Exact copy, pictures excluded: set down only the lines from the one with "SADDLEMEN 823-07-176 Step-Up" through the end of the entries, keeping both end lines.

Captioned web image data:
----

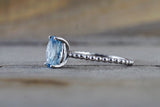 14k White Gold Oval Cut Aquamarine Prong Engagement Promise Ring Rope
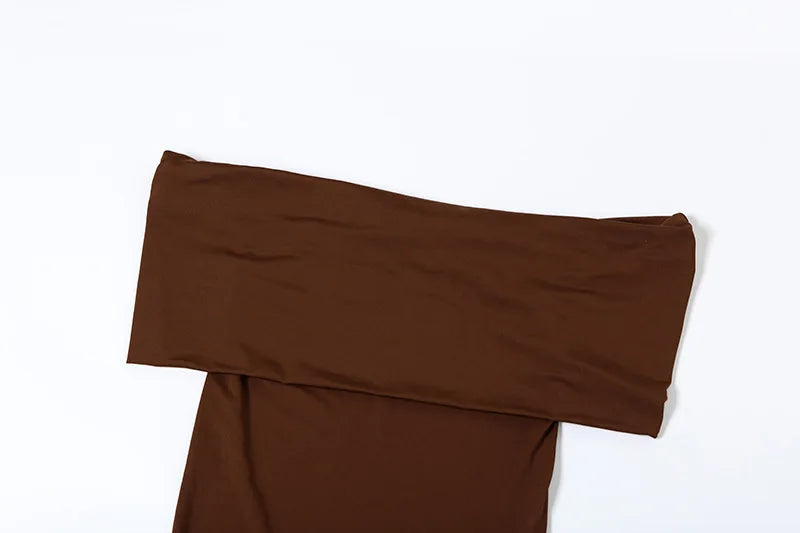 Women's Ruched Elegant Off Shoulder Party Back Split Backless Bodycon Dress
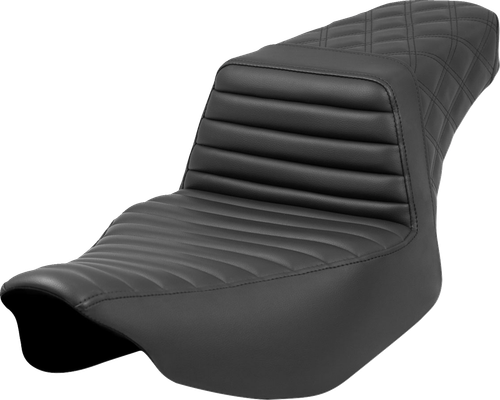 SADDLEMEN 823-07-176 Step-Up Seat - Front Tuck-n'-Roll/Rear Lattice Stitch Black FL '23-'24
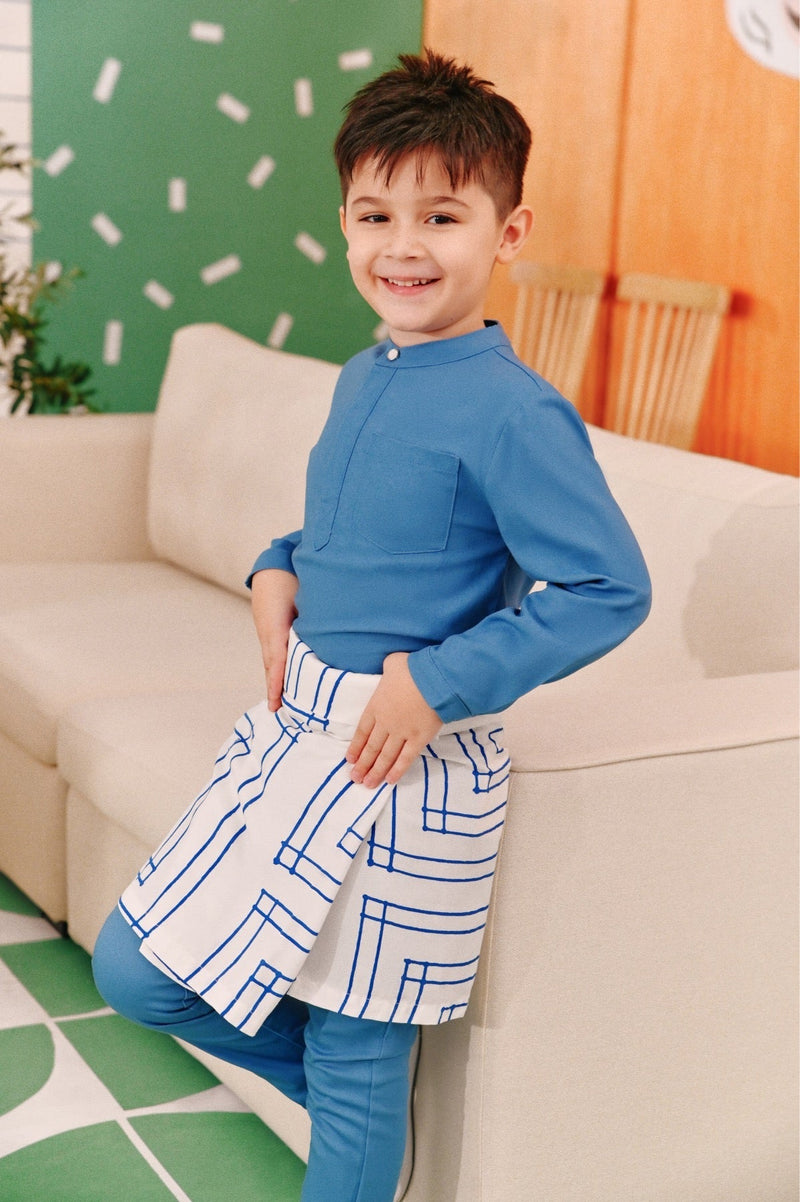 The Tabur Baju Melayu Top - Blue West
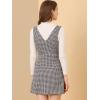 imageAllegra K Womens Overalls Suspenders Halloween V Neck Plaid Houndstooth Pinafore DressWhite Brown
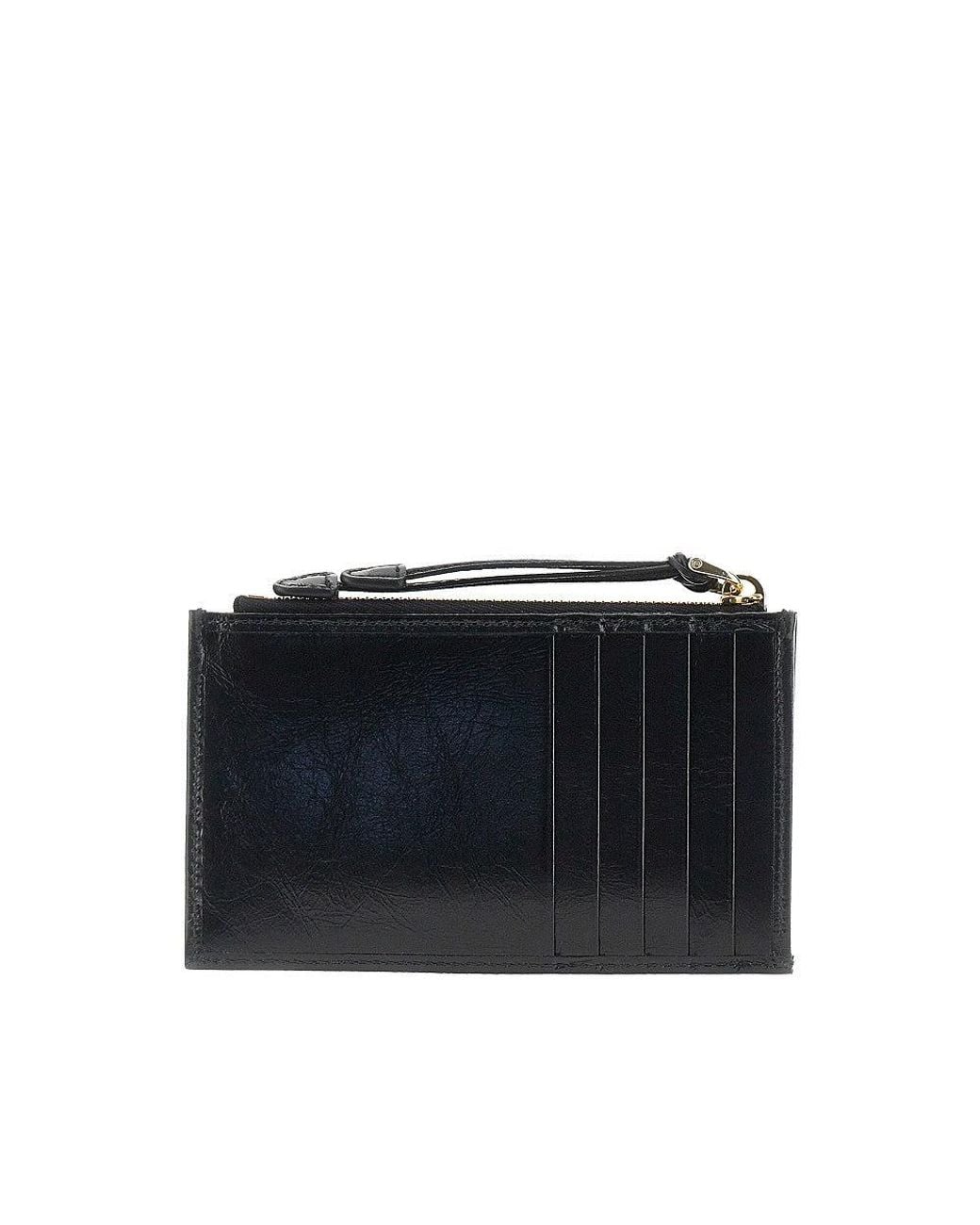 Prada Black Soft Lux Leather Cardholder Pouch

----

§ RESPONSE TO THE EXERCISE:
 SADDLEMEN 823-07-176 Step-Up Seat - Front Tuck-n'-Roll/Rear Lattice Stitch Black FL '23-'24
 The Tabur Baju Melayu Top - Blue West
 imageAllegra K Womens Overalls Suspenders Halloween V Neck Plaid Houndstooth Pinafore DressWhite Brown
 Prada Black Soft Lux Leather Cardholder Pouch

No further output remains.